On our second and last full day in Prague, we went to a little clusterfuck of buildings, which was Prague Castle, the St. Vitus Cathedral, and related structures. Here are some shots of pretty Prague on the walk over there.

This is kind of a dumb one, because you can't see, but that little figure on the corner of the building is the Black Madonna.


Statues with propeller beanies. Yeah.


Something very suspect going on in that little cave. Dog knows.


Gold is all the rage in Prague. Every statue who's any statue has some.


These are like totally toy soldier glory hole parking meters, except I'm not sure they're parking meters... maybe just statues.



Nice door. Lots of those.


Hat heads.

Right, we made it to the castle. Here's the entrance.


This is a closeup of furry-tentacle-penis loincloth on the statues at the main gate.


 This band was rocking out outside the gates.



We were "LUCKY" enough to have arrived shortly before the daily noontime change of the guard. A crowd gathered, as with the astronomical clock. Turn your sound down wicked low before you watch the next video.



HA. Why that was necessary, I don't know. Anyway, here's a better one.


 There was a lot more ceremony once they were in there, complete with jazz hands and a round of square dancing, but I don't have any videos of that. SORRY.
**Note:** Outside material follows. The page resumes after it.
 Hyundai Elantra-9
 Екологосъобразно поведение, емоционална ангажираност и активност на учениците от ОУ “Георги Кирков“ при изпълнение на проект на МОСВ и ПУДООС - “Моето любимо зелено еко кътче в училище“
Before we went in there, we walked around a sec and saw this building with a really cool wall design.



Here's the whole front of the castle from a bit further off. you can see the Gothic cathedral in there, man.


Before we went in, it was really time for lunch or something, so we waltzed into the castle cafe. Funny thing. Dana ordered a plate of bread and cheese and was sharing with us. There was this one slice of cheese she didn't care for. She was like, it doesn't taste like anything. But I think I was really hungry, so after I finished my food, I went for that and the last of the bread. I took a bite of the tasteless cheese, and was like, yeah, that really does have no taste. It almost tastes more like butter than cheese. WAIT A SECOND. You fucking idiot, IT IS BUTTER. They slyly disguised a pat of butter as a slice of cheese. Maybe it's cultural. We also had a problem at a bar ordering a basket of "garlic bread." It came to us as toast with whole roasted garlic cloves, instead of like ground garlic on toast. Strange.

Anyway, we finally went through the gates and into the compound, where St. Vitus Cathedral was towering Gothominously.




This guy. I had a joke about who this guy resembled at the time, but I've since forgotten.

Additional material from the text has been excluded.